Coinciding with a time when numerous countries in the region are experiencing unprecedented social dynamics, particularly in cities, a conference held in Barcelona in March 2011 allowed an evaluation of the results obtained and expectations of the cities concerned. The conference organisers (see: www.csp2011bcn.org) commissioned the author of the present paper, in collaboration with Professor A. Lehzam, to draw up a report which has served as material for this paper.
Introduction
Spearheading the economies of these countries, cities have quickly attracted a peripheral or rural population seeking employment opportunities and better living conditions. In a region where the population was essentially rural only 50 years ago, the urban population will represent three quarters of the overall population by 2025, according to a forecast by United Cities and Local Governments (UCLG). Already places of recurring difficulties, cities today reflect countries’ most significant frailties, particularly on the social and environmental levels, and are increasingly serving as the stage for confrontations, at times of a brutal nature, posing major challenges for those who are in charge of planning their development and managing them.

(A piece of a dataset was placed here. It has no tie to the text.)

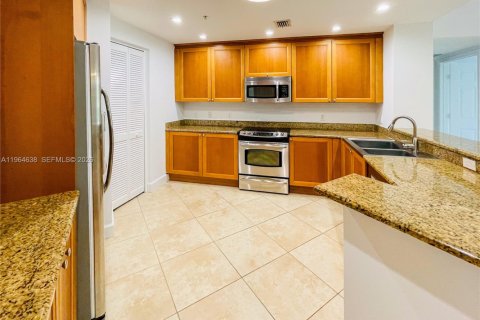 Купить кондоминиум в Корал-Гейблс, Флорида 2 спальни, 115.66м2, № 2026313 - фото 20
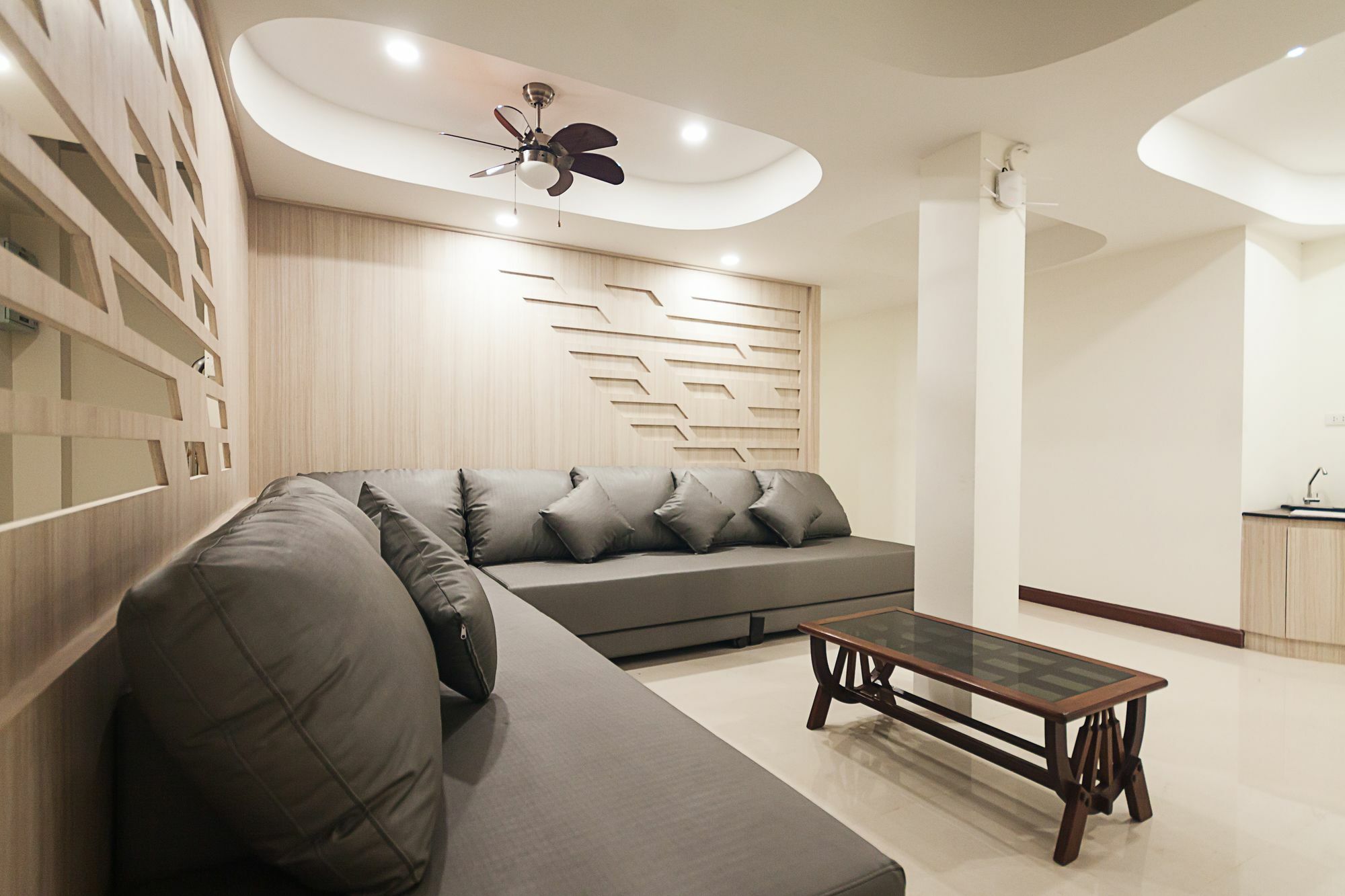 Happy Hostel Pattaya Exterior photo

To rise to these challenges, anticipate the economic, social and spatial development of cities and complement and, at times, fill the gaps in classic urban planning practices, many countries have been engaging in more global practices in their urban development for a decade now. These strategies all aim to establish the conditions allowing cities to modernise insofar as employment, urban habitat and infrastructure, and at the same time, ensure economic growth and improve governance.
Qualitative Assessment of City Development Strategies in the SEMCs
The above-stated report discussed the experiences of the cities of Tetouan (Morocco), Sfax (Tunisia), Alexandria (Egypt), Ramallah (Palestine), Amman (Jordan), Aleppo (Syria), Tripoli (Lebanon) and Izmir (Turkey), some of them having renewed the initial exercise and updated it (Tetouan, Alexandria, Sfax).
Received with enthusiasm in many of these countries, above all by local actors, because they focus on priority urban problems and propose action plans generally in keeping with available or foreseeable budgets, City Development Strategies (CDSs) seem to offer the SEMCs a more economic solution than traditional planning, which has become too expensive, even if the architecture of this new approach is not fully developed and the term “strategic planning” can mean different things to different actors.
First of all the report acknowledges that the CDS procedure, based on consensus and a broad, participative approach, has allowed cities implementing one to project their development on the long term and, for some, to launch short and medium-term action plans as well. The fact remains that the results are unequal and the forms of carrying out these strategies and their implementation depends on the economic, social and above all institutional contexts of the countries concerned.
On the methodological level, all the CDSs effected were done so on the basis of the generally advocated methodology (i.e. the one advocated by the Cities Alliance), by adopting the classical stages according to which the report was structured, namely:
– Preparatory stage in which the objectives are defined, the project leadership established, actors organised and the conditions for motivation and participation created;
– Formulating the strategy itself and the action plans to support city development;
– Effectively implementing the plans and programmes, this stage remaining the least advanced in the majority of cities studied.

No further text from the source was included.